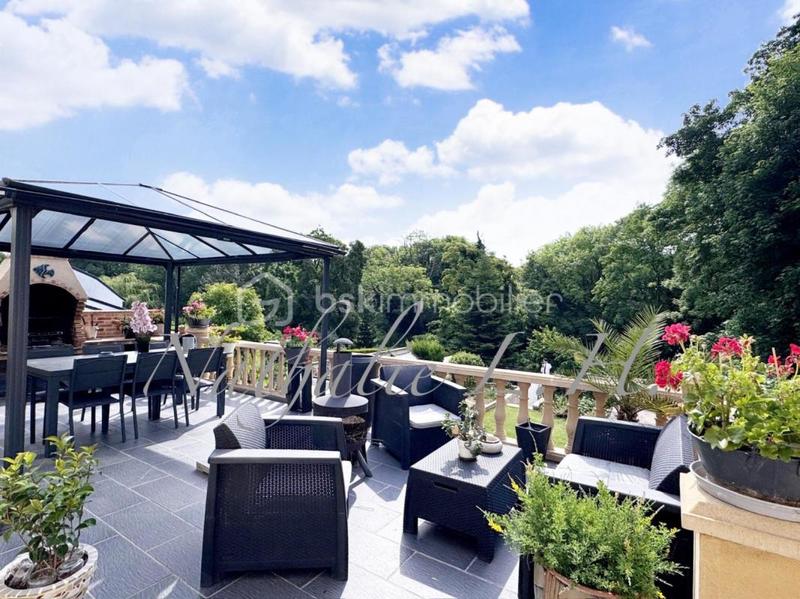 Demeure - 240 m² - 8 pièces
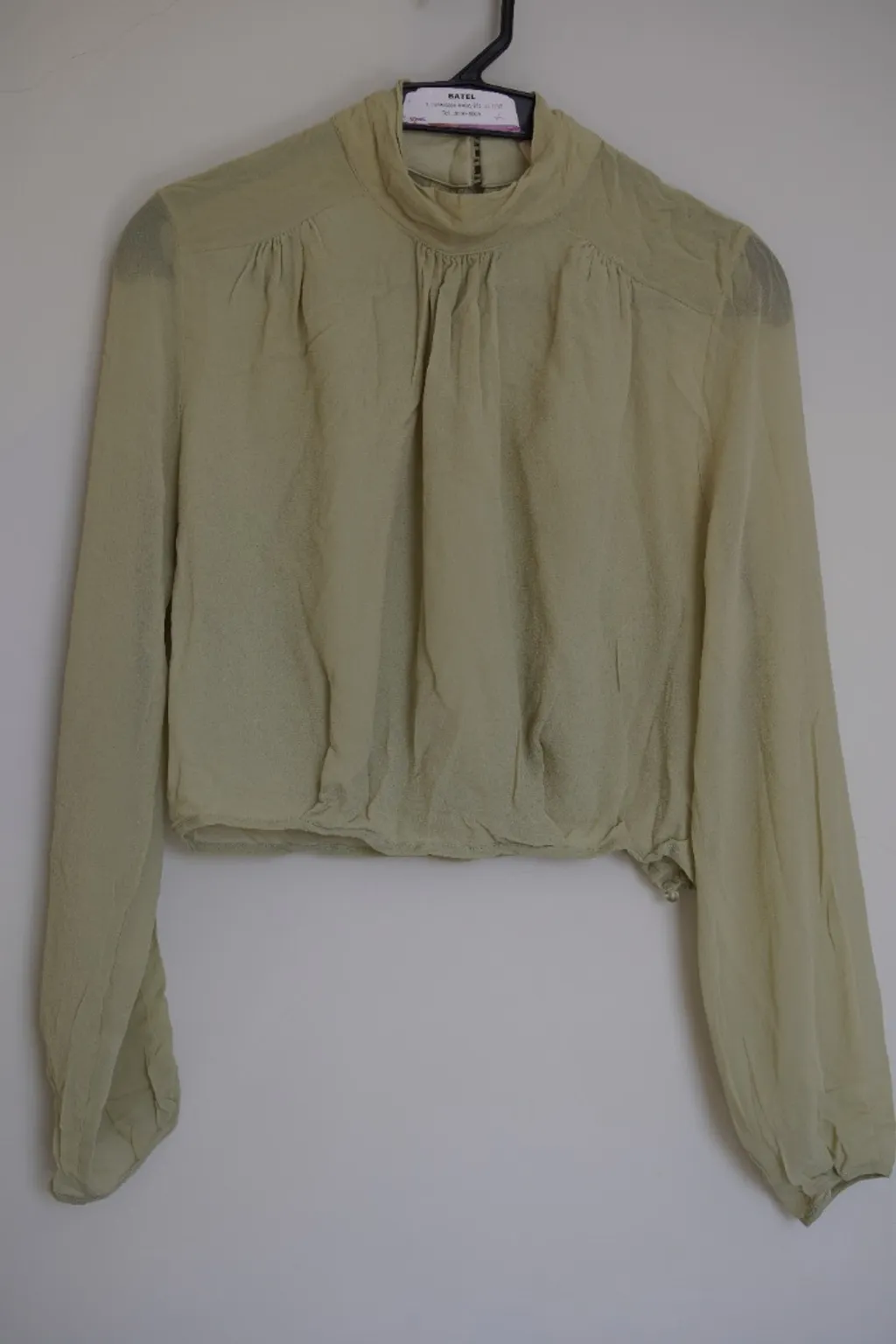 blusa cropped seda pura pistache cris barros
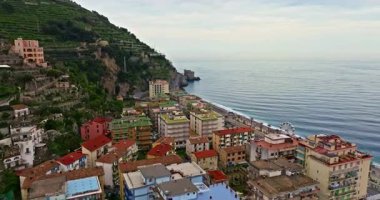 Maiori tatil köyünün havadan görünüşü, Amalfi sahili, İtalya.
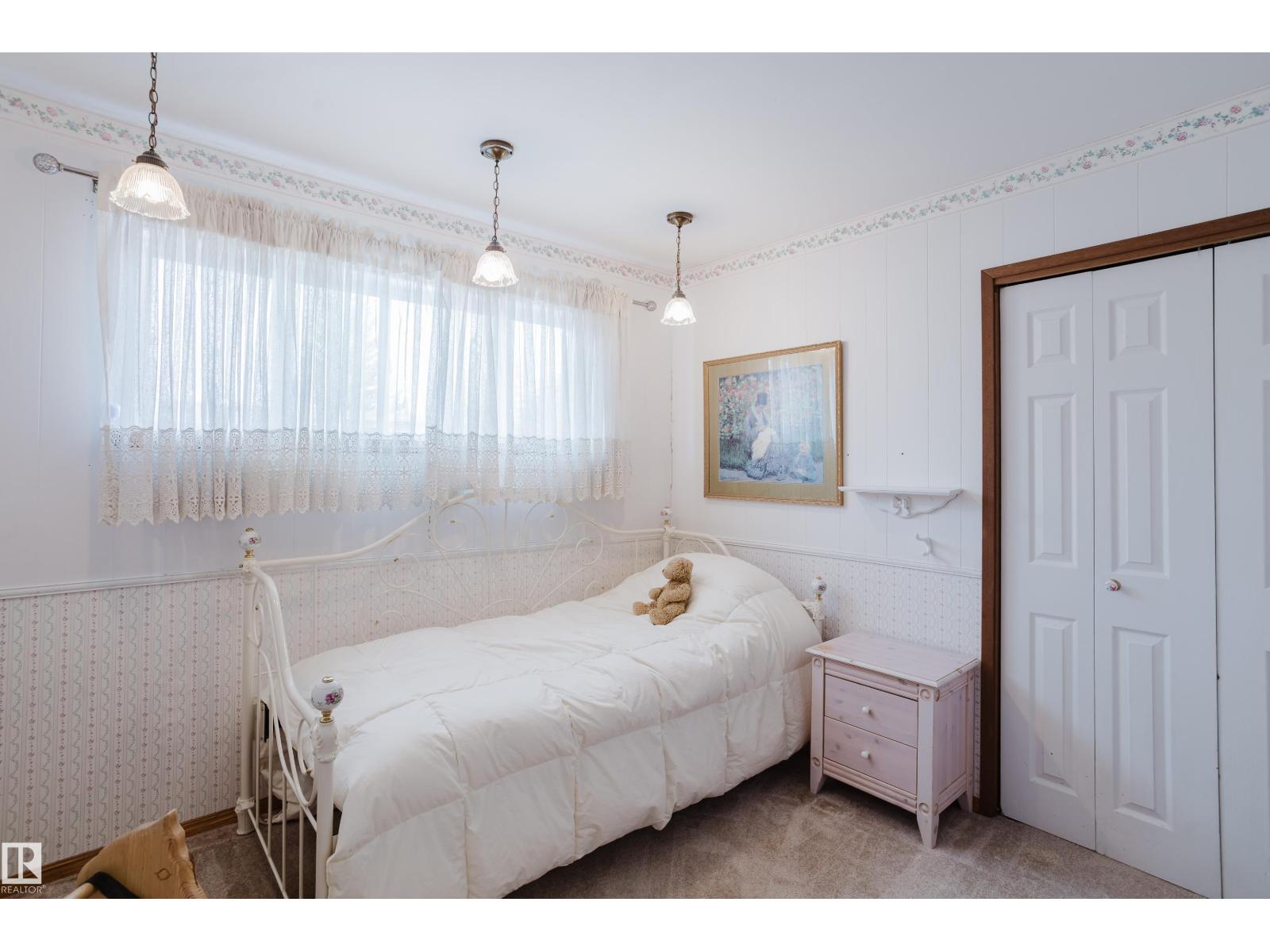 4212 ASPEN DR E NW, Edmonton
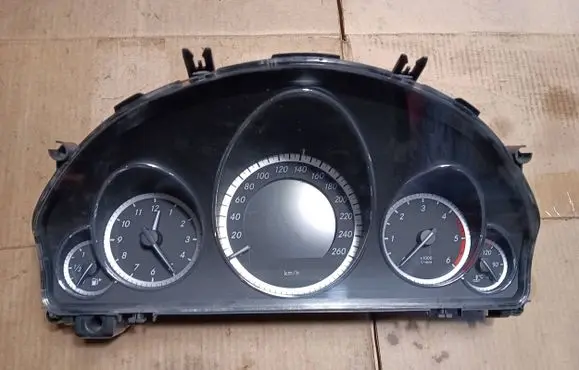 Mercedes-Benz E C207 W207 Speedometer (instrument cluster) A2129002909 A2049022702 A2129011900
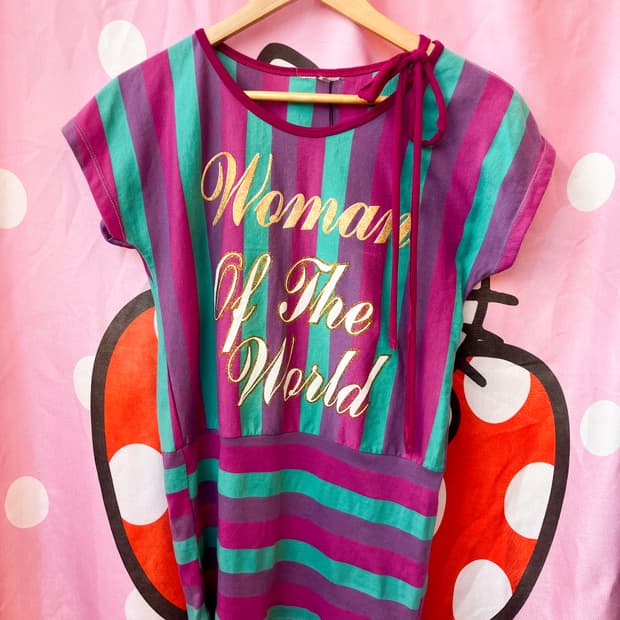 jpn 스트라이프 골드레터링 티셔츠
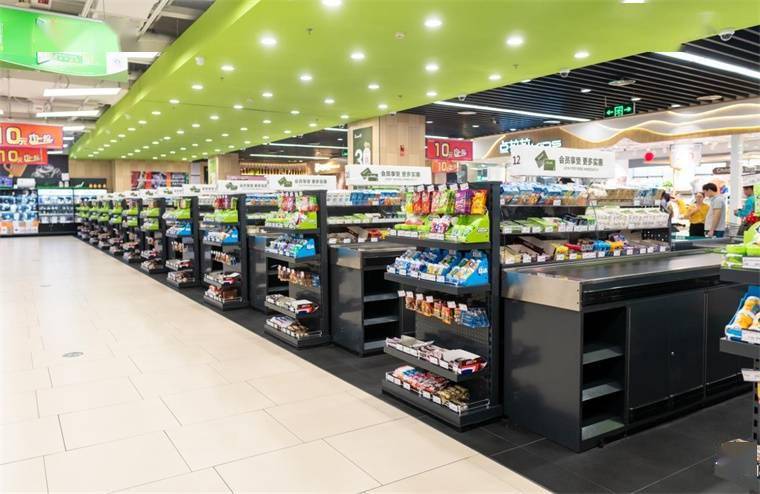 永辉超市董事长"拜师"于东来,单日市值暴涨22亿元,网友调侃:"这就是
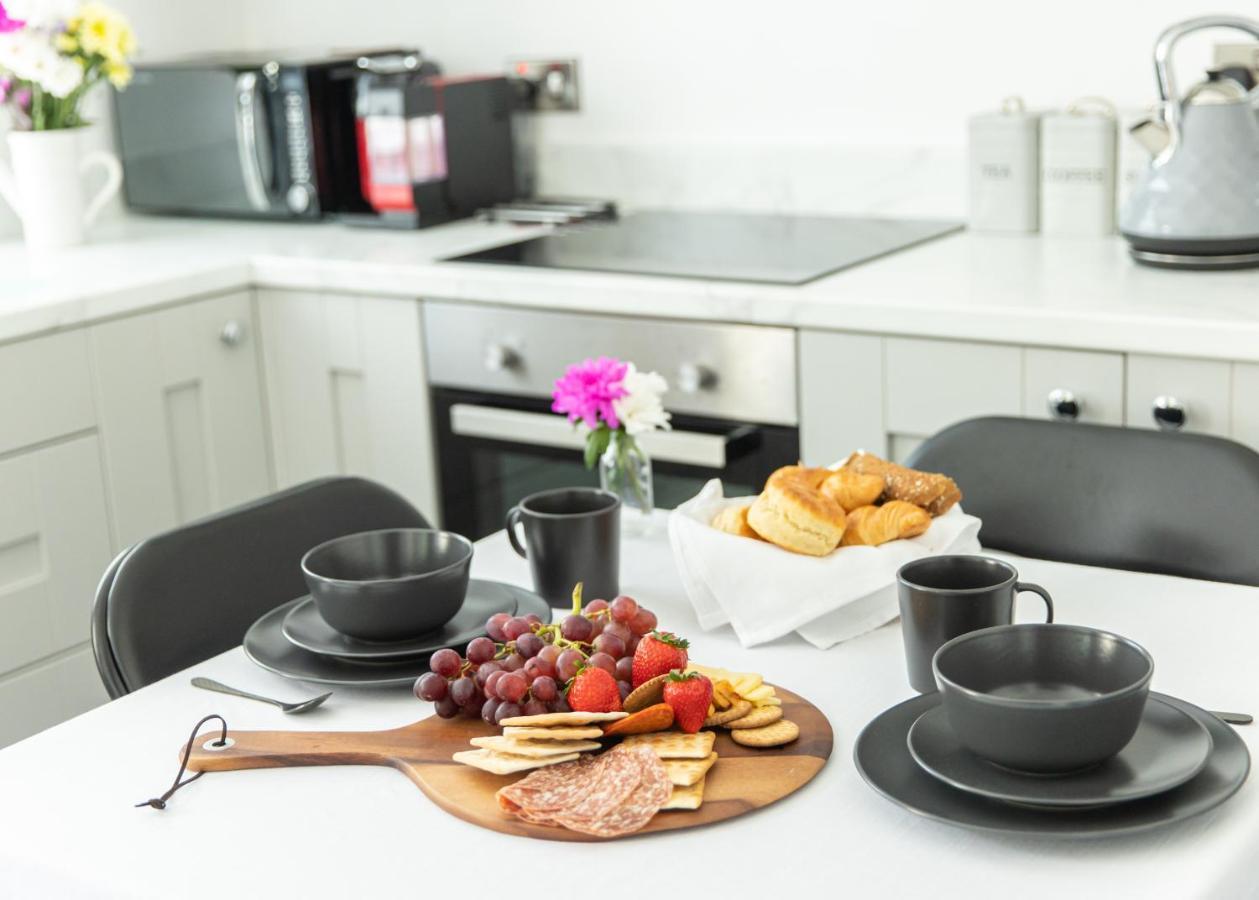 Entire Family Home , Large Rear Garden And Free Parking Belfast Eksteriør billede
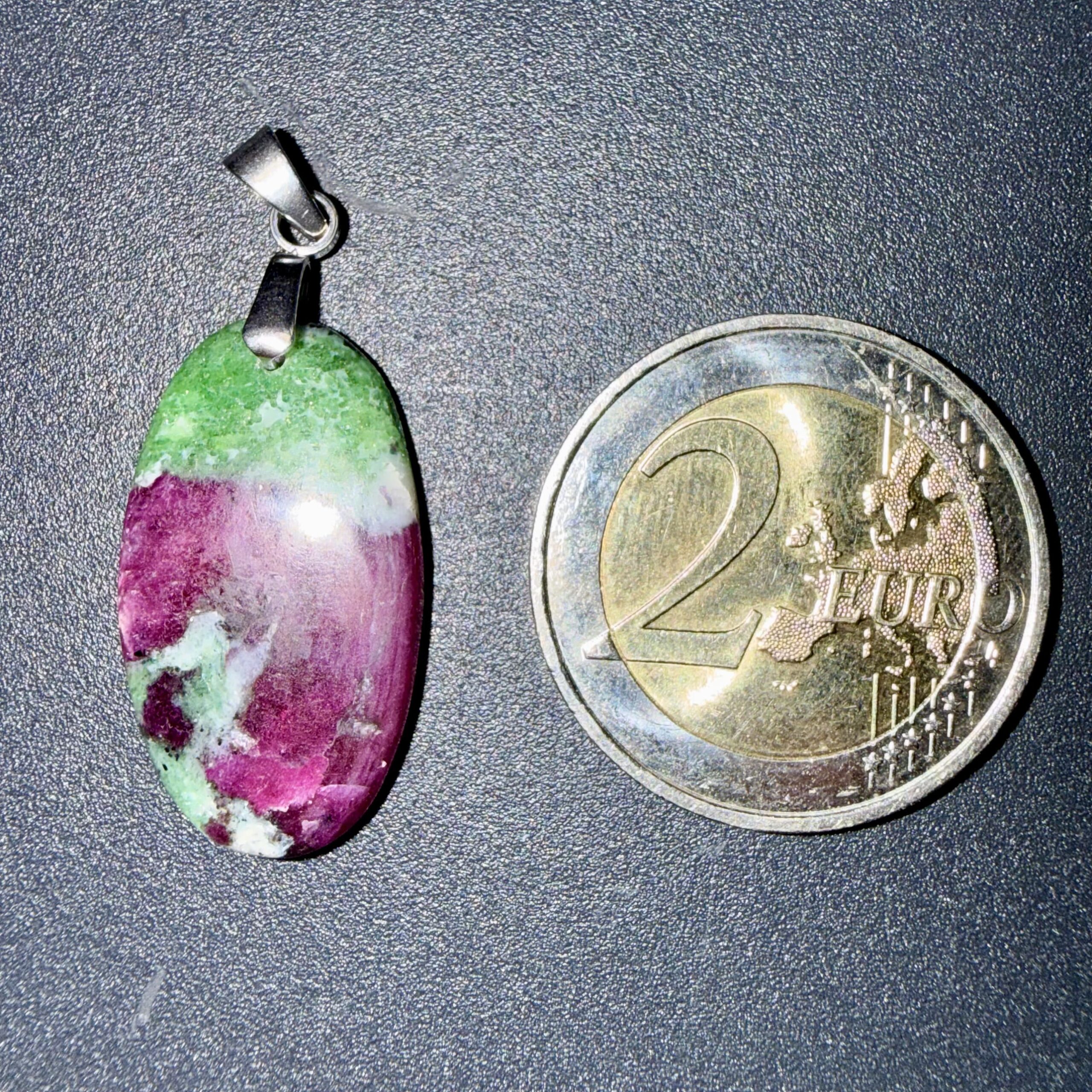 Pendentif poli en Rubis zoïsite – énergie vitale & créativité – Image 2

● ● ●

**REQUIRED ACTION**. An exact, word-for-word copy of the records is expected, with no pictures in it.

**WRITTEN ANSWER**.
 Demeure - 240 m² - 8 pièces
 blusa cropped seda pura pistache cris barros
 Maiori tatil köyünün havadan görünüşü, Amalfi sahili, İtalya.
 4212 ASPEN DR E NW, Edmonton
 Mercedes-Benz E C207 W207 Speedometer (instrument cluster) A2129002909 A2049022702 A2129011900
 jpn 스트라이프 골드레터링 티셔츠
 永辉超市董事长"拜师"于东来,单日市值暴涨22亿元,网友调侃:"这就是
 Entire Family Home , Large Rear Garden And Free Parking Belfast Eksteriør billede
 Pendentif poli en Rubis zoïsite – énergie vitale & créativité – Image 2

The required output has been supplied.